Leggero Trío | Crítica La guitarra intrépida

El conjunto Leggero Trío el viernes en el Alcázar El conjunto Leggero Trío el viernes en el Alcázar

El conjunto Leggero Trío el viernes en el Alcázar / Actidea

Convertida en esencia en el instrumento que hoy conocemos, ya con sus seis cuerdas simples, a principios del siglo XIX, la guitarra era un instrumento de moda en los salones parisinos de la encumbrada burguesía.

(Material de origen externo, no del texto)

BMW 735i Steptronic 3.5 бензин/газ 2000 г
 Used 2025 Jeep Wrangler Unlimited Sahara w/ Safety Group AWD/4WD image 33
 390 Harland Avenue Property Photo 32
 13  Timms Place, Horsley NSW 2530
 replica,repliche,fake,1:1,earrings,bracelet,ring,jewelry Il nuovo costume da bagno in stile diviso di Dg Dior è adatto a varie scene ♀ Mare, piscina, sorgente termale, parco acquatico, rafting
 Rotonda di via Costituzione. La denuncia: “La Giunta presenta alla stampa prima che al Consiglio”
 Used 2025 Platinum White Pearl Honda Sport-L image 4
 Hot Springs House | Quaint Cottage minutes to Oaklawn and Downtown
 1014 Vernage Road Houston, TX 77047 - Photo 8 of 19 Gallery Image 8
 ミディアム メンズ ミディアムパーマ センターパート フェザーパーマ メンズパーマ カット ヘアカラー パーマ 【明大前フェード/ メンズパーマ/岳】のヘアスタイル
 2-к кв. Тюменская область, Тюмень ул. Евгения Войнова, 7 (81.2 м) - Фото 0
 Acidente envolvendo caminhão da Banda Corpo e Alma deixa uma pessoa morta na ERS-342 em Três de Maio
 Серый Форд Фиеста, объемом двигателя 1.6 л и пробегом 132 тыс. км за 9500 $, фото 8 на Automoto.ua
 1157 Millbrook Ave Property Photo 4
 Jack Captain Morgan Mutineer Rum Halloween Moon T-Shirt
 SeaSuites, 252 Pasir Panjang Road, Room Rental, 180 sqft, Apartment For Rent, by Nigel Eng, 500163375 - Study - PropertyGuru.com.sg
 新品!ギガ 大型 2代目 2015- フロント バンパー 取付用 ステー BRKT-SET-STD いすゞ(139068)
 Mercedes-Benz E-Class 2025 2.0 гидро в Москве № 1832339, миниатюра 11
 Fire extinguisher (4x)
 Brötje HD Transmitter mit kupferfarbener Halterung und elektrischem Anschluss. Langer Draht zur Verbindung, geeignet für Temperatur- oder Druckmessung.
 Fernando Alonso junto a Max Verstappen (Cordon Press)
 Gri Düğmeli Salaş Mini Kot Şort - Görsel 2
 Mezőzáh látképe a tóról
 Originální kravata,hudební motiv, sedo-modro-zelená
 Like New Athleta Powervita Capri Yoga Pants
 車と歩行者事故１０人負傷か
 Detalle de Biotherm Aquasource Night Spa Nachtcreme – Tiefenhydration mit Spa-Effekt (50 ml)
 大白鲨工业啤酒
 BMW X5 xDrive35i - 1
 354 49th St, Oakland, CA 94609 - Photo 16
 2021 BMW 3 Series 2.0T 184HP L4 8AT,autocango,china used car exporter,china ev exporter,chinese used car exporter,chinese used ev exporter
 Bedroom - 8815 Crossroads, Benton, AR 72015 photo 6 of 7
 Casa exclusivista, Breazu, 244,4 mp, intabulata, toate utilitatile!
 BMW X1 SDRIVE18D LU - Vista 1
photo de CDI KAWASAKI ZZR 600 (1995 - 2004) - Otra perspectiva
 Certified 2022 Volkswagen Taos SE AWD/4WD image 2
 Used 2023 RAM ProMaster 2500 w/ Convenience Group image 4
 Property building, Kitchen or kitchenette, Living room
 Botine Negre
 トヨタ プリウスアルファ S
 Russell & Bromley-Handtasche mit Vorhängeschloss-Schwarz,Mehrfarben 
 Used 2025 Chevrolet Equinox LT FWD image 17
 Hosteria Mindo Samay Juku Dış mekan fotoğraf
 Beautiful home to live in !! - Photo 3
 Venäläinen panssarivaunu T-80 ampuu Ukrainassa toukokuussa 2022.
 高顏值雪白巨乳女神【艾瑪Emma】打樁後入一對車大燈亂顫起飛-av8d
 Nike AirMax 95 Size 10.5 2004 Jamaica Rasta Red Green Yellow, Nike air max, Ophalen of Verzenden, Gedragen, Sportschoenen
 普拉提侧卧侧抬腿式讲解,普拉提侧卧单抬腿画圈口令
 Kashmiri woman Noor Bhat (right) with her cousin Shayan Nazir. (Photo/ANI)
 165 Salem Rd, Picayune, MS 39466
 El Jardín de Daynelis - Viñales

El trabajo florecía (como exiliados españoles tan famosos como Sor y Aguado agradecieron) y los guitarristas se dedicaban a presentar obras nuevas y a trabajar para editores preparando arreglos de los más grandes compositores del tiempo, que luego también giraban en rutas domésticas.

A veces los arreglos se hacían para formaciones algo extravagantes, como la que trajo este Leggero Trío al Alcázar. En la Serenata Op.8 de Beethoven (original para trío de cuerdas), la guitarra no parecía demasiado fuera de lugar, al fin y al cabo el género se presta a su presencia, pero en una de las sonatas para violín más dramáticas de Mozart (la KV304) sí que resultaba algo extraña. Pierre Porro, el guitarrista francés autor de este arreglo, supo en cualquier caso reservar la parte melódica del piano para su instrumento, que, merced al sonido cálido, delicado y muy matizado de Antonio Duro, destacó de forma admirable en el trío del minueto.

El Leggero había empezado con alguna duda en Beethoven (articulación no siempre limpia de Belmonte), pero se hizo fuerte en las variaciones del Andante y se afianzó con Mozart, que cerró también el concierto con arreglos sobre La flauta mágica, sorprendente el de la obertura, en la que el trío logró seguramente el punto álgido de su equilibrio (y si no, la pieza se derrumba sin remedio), muy lírico y sereno el de la primera aria de Sarastro, chisposo el del aria de Papageno, con graciosas variaciones. Entre Mozart y Mozart, Belmonte y Castelló hicieron una dramática versión de Erlkönig, balada fantástica de Schubert.